Hamaker Constant applied to designing an innovative battery system

Chiang describes how this related to the challenge of revolutionizing battery technology:

• “…the Hamaker Constant can have a negative value and cause two materials (particles) to repel each other if immersed in the right medium… we discovered and designed materials systems that organized themselves into an electrolyte separator between the anode and cathode.” (p.453 text, p.5 case study)

Chiang’s basic concept was a key part of a self-organizing colloid concept. His main idea was that he could tailor the forces between materials constituting the battery, deriving a self-assembly process to make a practical battery on a dimensional scale never before possible. The thickness of the separator layer could be as small as a few molecules, with the resulting batteries able to be fabricated in any shape or size. Designing a system of battery materials with a negative Hamaker Constant between anode and cathode was very difficult. Chiang’s team needed to discover a low-index material and a high-index material with key characteristics:

• The right optical characteristics

• Both anode and cathode materials must conduct electrons

• Both must be lithium hosts

Self-Assembling Materials System Development

Chiang’s team mixed methylene iodide, lithium percholate, polystyrene, graphite particles and lithium-iron phosphate particles as a dispersion and poured it into a mold. Copper was chosen as the anode current collector. Aluminum coated with a conducting polymer that has a low index of refraction was used to connect to the cathode particle network. It attracted the lithium-iron phosphate particles.

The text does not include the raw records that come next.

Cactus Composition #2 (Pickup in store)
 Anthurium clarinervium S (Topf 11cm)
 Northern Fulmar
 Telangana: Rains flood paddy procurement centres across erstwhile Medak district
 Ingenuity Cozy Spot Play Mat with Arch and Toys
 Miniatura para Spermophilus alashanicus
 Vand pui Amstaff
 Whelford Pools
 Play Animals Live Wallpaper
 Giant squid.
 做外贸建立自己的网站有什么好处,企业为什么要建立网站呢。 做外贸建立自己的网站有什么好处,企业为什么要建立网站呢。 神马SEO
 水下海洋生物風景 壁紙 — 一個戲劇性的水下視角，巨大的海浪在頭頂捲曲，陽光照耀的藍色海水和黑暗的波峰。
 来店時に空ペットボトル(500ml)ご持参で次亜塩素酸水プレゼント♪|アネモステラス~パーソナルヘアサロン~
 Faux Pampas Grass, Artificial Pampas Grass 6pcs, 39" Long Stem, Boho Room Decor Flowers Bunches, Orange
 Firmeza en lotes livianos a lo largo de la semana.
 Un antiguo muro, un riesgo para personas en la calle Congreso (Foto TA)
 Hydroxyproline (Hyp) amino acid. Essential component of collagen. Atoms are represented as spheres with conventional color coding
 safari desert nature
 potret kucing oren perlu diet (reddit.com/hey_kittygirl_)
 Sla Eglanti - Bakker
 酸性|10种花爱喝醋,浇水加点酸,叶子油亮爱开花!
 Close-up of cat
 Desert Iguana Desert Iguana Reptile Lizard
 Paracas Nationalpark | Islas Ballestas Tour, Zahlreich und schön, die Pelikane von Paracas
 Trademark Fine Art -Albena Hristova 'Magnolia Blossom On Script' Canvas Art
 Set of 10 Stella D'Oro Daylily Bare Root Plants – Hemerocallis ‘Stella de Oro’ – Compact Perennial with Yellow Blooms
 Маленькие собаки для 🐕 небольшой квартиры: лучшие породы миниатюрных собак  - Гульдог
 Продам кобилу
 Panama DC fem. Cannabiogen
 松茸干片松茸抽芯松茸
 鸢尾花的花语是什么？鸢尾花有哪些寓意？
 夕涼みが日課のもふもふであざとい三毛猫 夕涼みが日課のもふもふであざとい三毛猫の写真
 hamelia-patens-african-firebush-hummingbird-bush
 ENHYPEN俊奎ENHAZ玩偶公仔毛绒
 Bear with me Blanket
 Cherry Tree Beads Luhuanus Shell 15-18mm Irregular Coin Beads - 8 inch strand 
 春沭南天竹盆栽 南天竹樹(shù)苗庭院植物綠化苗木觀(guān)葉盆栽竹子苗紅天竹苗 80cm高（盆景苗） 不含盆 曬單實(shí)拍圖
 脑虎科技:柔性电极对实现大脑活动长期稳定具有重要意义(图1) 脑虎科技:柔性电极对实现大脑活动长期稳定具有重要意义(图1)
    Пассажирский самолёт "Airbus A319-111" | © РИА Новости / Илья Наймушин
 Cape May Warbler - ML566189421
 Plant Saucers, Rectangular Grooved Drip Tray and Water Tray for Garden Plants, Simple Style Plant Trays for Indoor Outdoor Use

Creation of A123 as an Early Stage Company/ Financial Info

Ric Fulop was a serial entrepreneur with many key contacts who had been involved in many start-ups. Howard Anderson was the founder of the venture capital firm “Yankee Tek” and a lecturer at MIT Sloan School. He had previously funded two of Fulop’s previous ventures and gave him office space to be an “entrepreneur in residence” while he sought his next venture.

Fulop began investigating innovations in the battery industry and discovered Chiang’s research lab. He was enthused by the self-organizing battery concept and the opportunity for a battery with four times the energy density of the available lithium-ion technology that could be charged one hundred times faster.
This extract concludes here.